Роса на траве. Слово у Чехова - Радислав Лапушин
Шрифт:
Интервал:
Закладка:
Вместо заключения. Разговор на другой планете
Чехов преодолел иерархию предметов, преодолел различие между «прозой жизни» и ее «поэзией»…
В записных книжках Чехова есть загадочный фрагмент: «Разговор на другой планете о земле через 1 000 лет: помнишь ли ты то белое дерево… (березу)?» (17: 78). Запись осталась невостребованной: Чехов не использовал ее ни в одном рассказе или пьесе. Но есть в этой записи то, что ощущается «за кадром» многих произведений: дар двойного присутствия, поле напряжения между «здесь» и «там», настоящим и будущим, березой и «белым деревом».
Человек у Чехова существует на пересечении поэтической и миметической перспектив. Он отбрасывает не одну, а сразу несколько теней, часто не похожих друг на друга. Человек – это веер образов человека. Мир – это веер образов мира, где изображения на соседних створках могут и не состыковываться друг с другом.
Соединение прозрачности и неуловимости («роса на траве»), меняющийся, как в калейдоскопе, рисунок реальности заложены в основах чеховского мира – в его слове.
Слово у Чехова колеблется между прямым и переносным значениями. Укорененное в своем контексте, оно остается мобильным и несвязанным, как бы кочующим по тексту, порождая при этом новые смыслы, непредсказуемые ассоциации и аллюзии. В каждой точке повествования чеховское слово оказывается на перекрестке смыслов, в положении промежуточности, откуда – для читателя, интерпретатора – открывается возможность путей в разных, иногда противоположных направлениях. Вот почему, сколько бы мы ни перечитывали Чехова, мы всегда будем читать его в первый раз.

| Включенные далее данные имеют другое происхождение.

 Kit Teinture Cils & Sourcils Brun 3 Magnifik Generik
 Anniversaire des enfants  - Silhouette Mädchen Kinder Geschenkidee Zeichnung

«Лирическое слово – больше самого себя», – повторим еще раз вслед за Лидией Гинзбург [Гинзбург 1982: 27]. У Чехова это слово преображает все уровни повествования. Оно добавляет вертикальное измерение и вневременной аспект («отражение чего-то неземного, вечного») будничному и, на первый взгляд, бессобытийному существованию персонажей; выявляет присутствие глубинного (символического, мифопоэтического) плана изображения с его множественностью потенциальных значений, ни одно из которых не безусловно и не реализовано полностью; наводит фокус на мириады микропротагонистов, среди которых не только люди, но и растения, животные, птицы, предметы, облака, тени, клочки тумана, обретающие, пусть только на мгновение, субъектность и свое собственное существование; набрасывает покрывало таинственного и сновидческого на изображение действительной жизни.
Определяющие признаки чеховского мировоззрения и поэтики (адогматизм, неиерархическое ви́дение, равнораспределенность в конфликтах) вплетены в художественную ткань его повествования. Как таковые они могут быть обнаружены в малом контексте прозаической строфы или предложения, в которых все виды границ – стилистических, семантических, пространственных – ставятся под вопрос, а движение от одного полюса оппозиции к другому оказывается движением вглубь, выявлением внутреннего потенциала, скрытого до времени. В этом свете любое чеховское предложение – программное и выражает сущность его художественной системы.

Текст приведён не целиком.